• The task:
Give again, word for word, every line in the entries below from the line with "Nikon D750 +" up to and including the line with "Rumah di Daerah Plamongansari 1", and no other line.

• Material supplied:
---

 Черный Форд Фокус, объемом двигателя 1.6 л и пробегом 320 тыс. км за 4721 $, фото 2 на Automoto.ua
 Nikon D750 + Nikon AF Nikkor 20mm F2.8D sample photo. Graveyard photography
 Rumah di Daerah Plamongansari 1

---

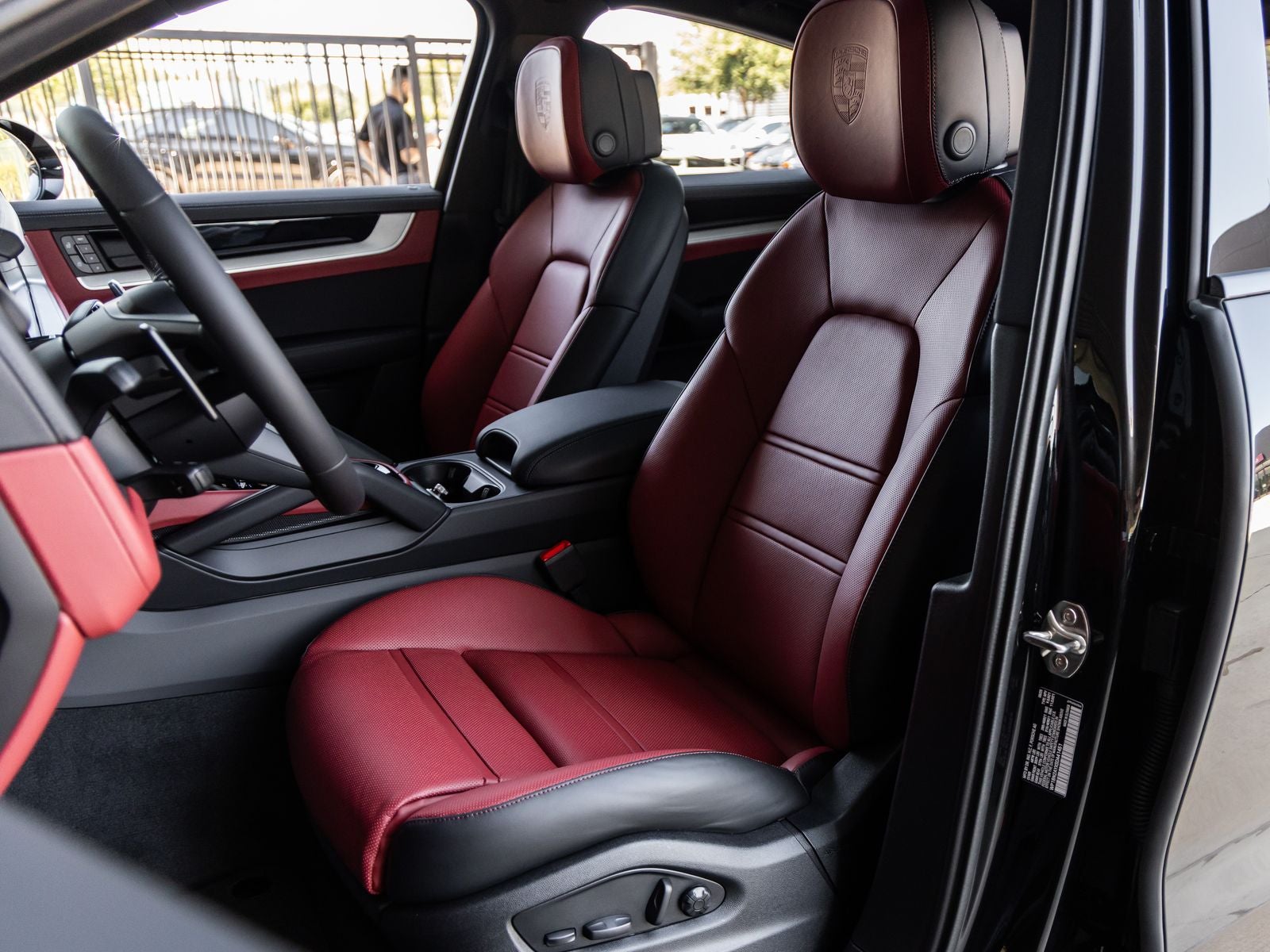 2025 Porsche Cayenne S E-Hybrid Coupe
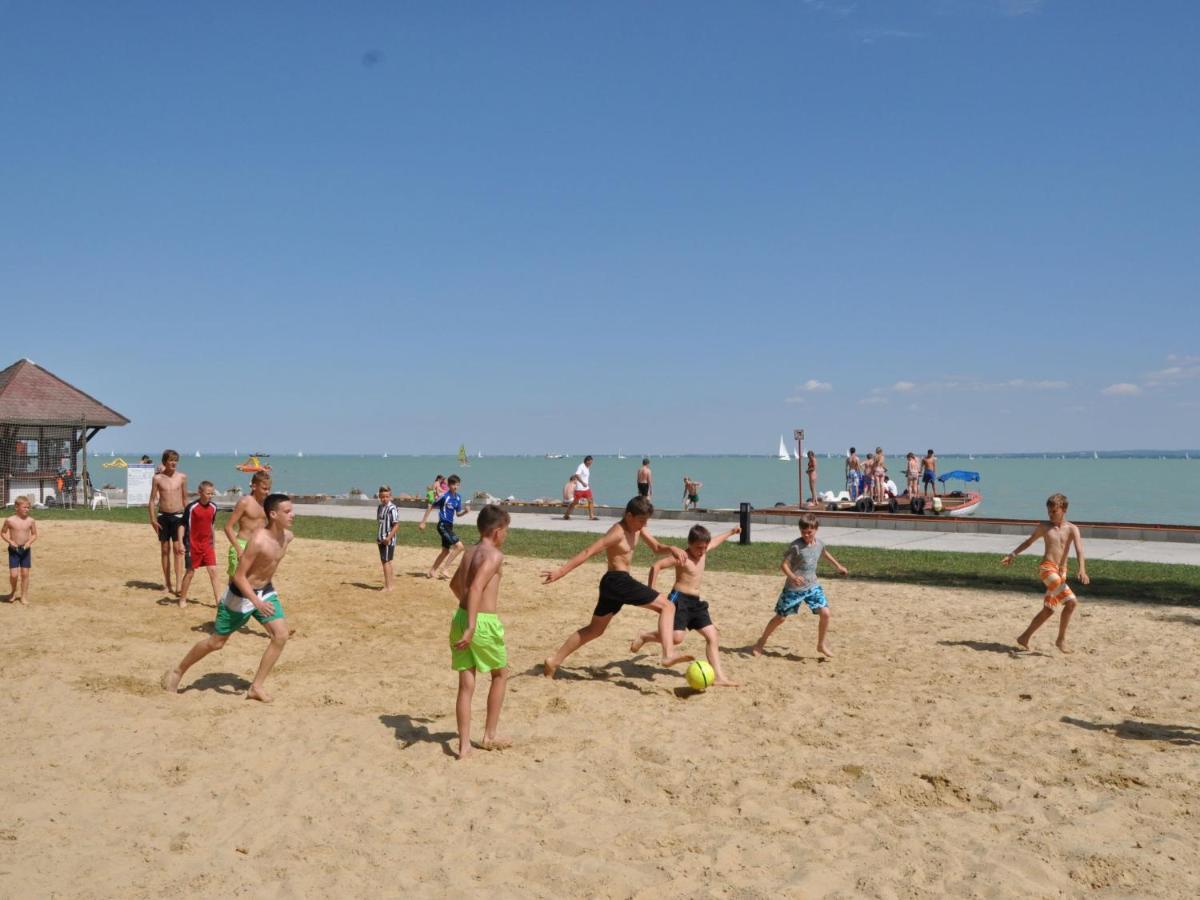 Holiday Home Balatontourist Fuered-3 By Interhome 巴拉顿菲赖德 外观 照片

---

• The completed task:
 Nikon D750 + Nikon AF Nikkor 20mm F2.8D sample photo. Graveyard photography
 Rumah di Daerah Plamongansari 1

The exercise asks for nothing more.